## Data shown
----------
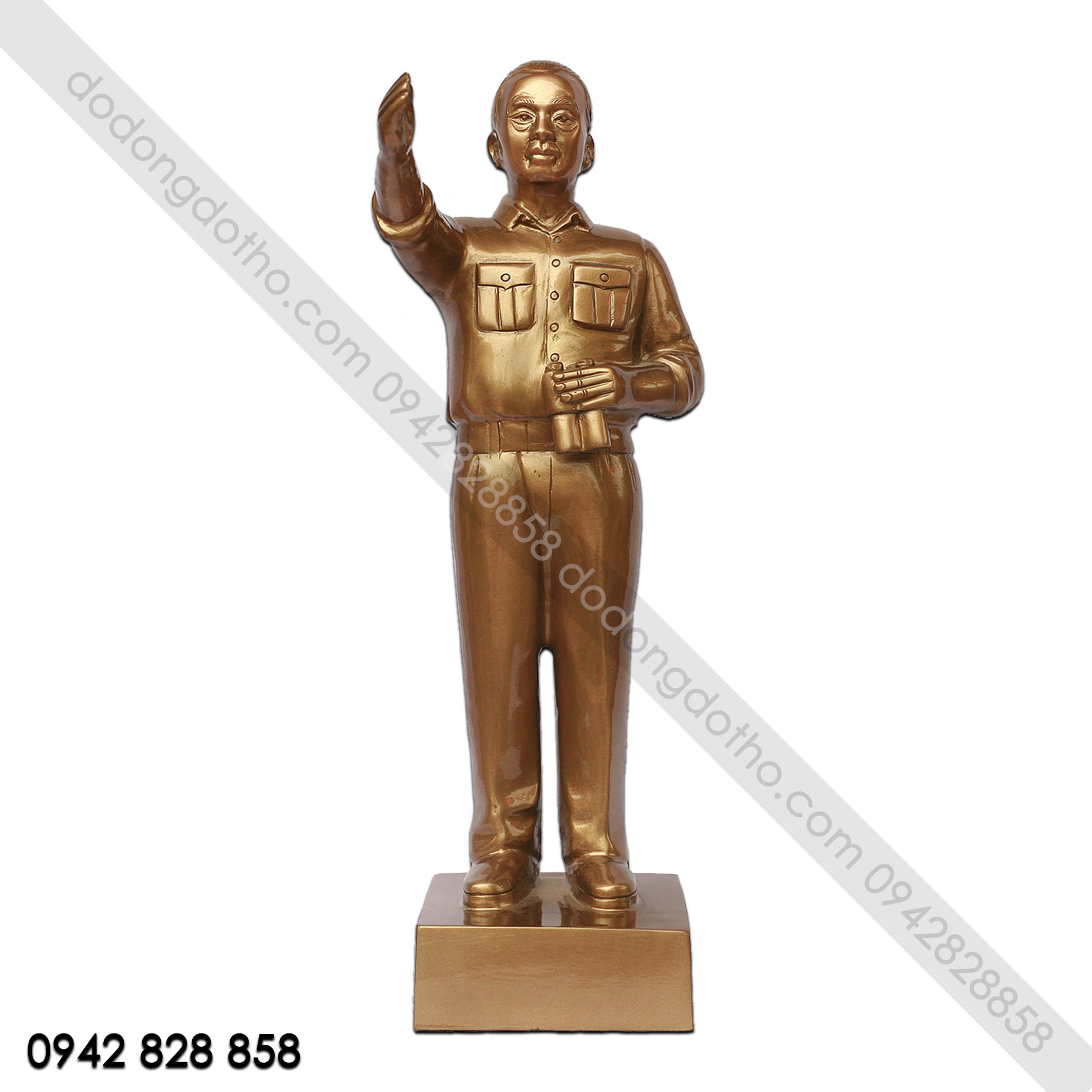 TƯỢNG ĐẠI TƯỚNG VÕ NGUYÊN GIÁP VẪY TAY CHÀO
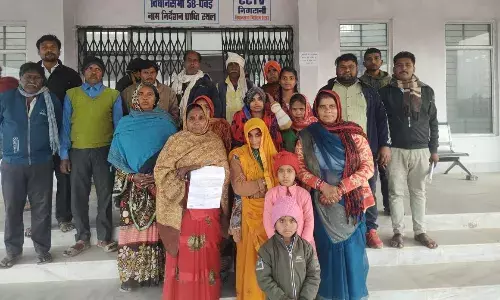 आवास के लिए जमीन प्रधानमंत्री आवास योजना से राशि मिलने के बाद नहीं हटे अतिक्रमणकारी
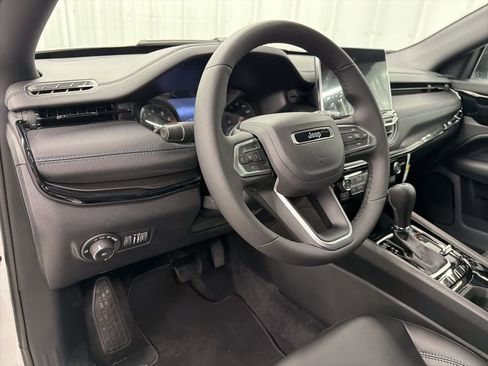 New 2026 Jeep Compass Latitude AWD/4WD image 15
----------
## Task description
The reply should contain every line of the material exactly, and no images.

## Reply to the exercise
 TƯỢNG ĐẠI TƯỚNG VÕ NGUYÊN GIÁP VẪY TAY CHÀO
 आवास के लिए जमीन प्रधानमंत्री आवास योजना से राशि मिलने के बाद नहीं हटे अतिक्रमणकारी
 New 2026 Jeep Compass Latitude AWD/4WD image 15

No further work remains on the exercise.